### INFORMATION PROVIDED
● ● ●

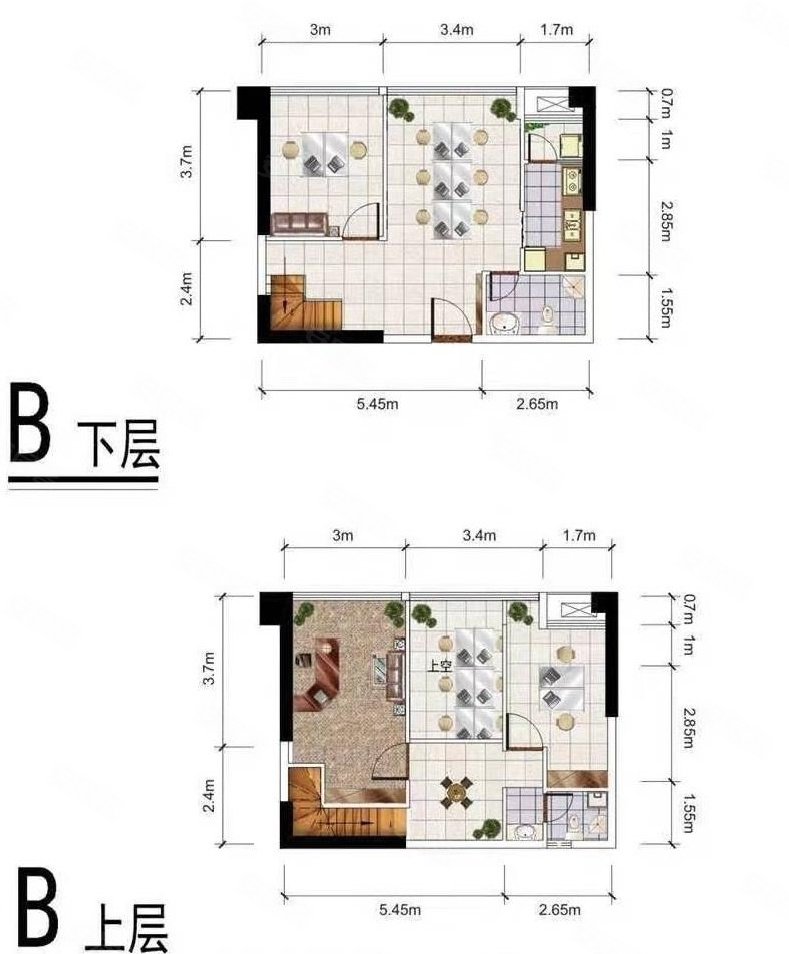 融创香璟台西苑商住楼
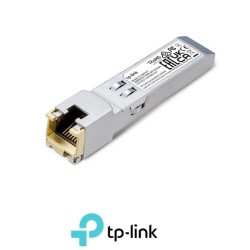 Módulo TpLink SFP 1000BASET RJ45SPEC Transcept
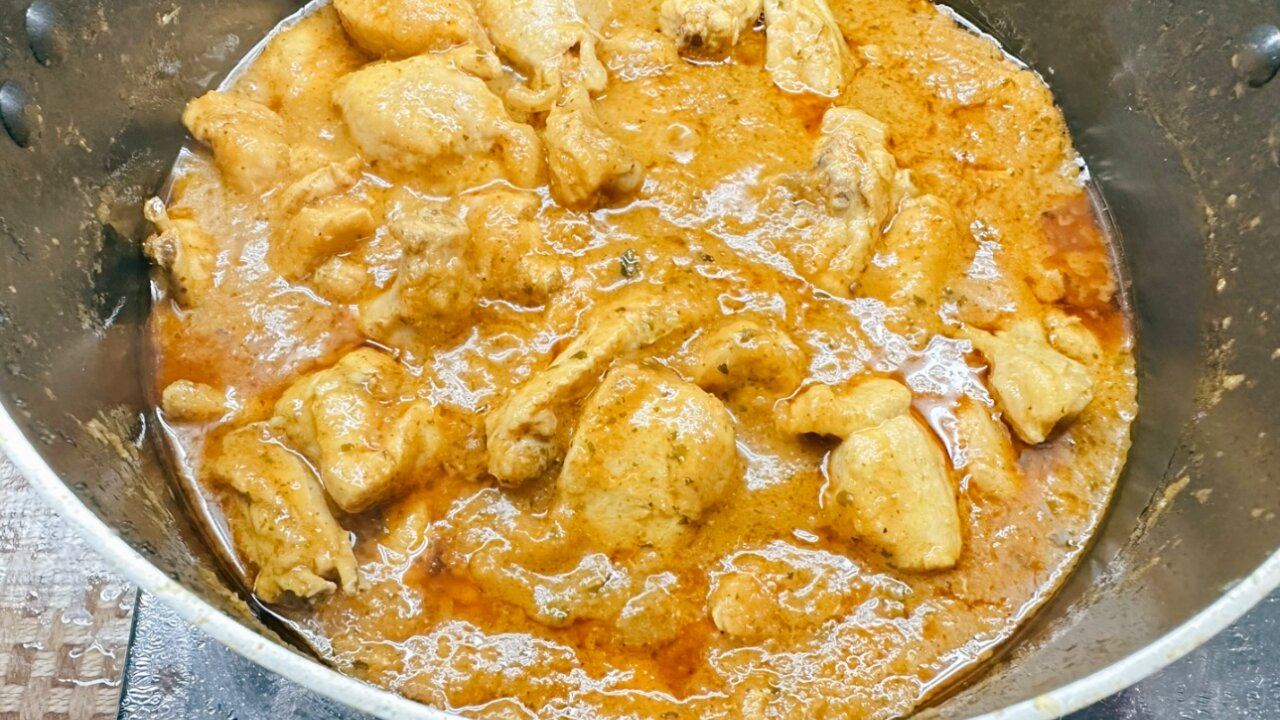 Chicken Gravy Recipe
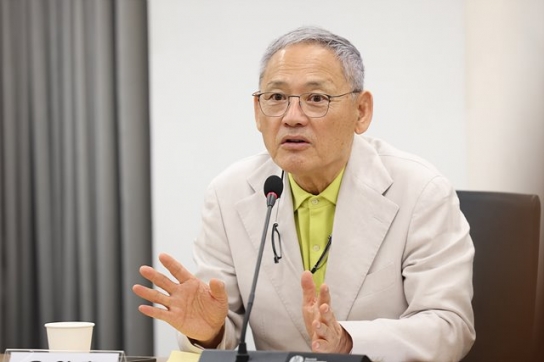 유인촌 장관, 역대 올림픽 메달리스트들과 한국 체육 미래 논의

● ● ●

### YOUR INSTRUCTIONS
Only the lines from the one with "Módulo TpLink SFP" through the end of the listing should be transcribed, exactly and without pictures.

### RESPONSE
 Módulo TpLink SFP 1000BASET RJ45SPEC Transcept
 Chicken Gravy Recipe
 유인촌 장관, 역대 올림픽 메달리스트들과 한국 체육 미래 논의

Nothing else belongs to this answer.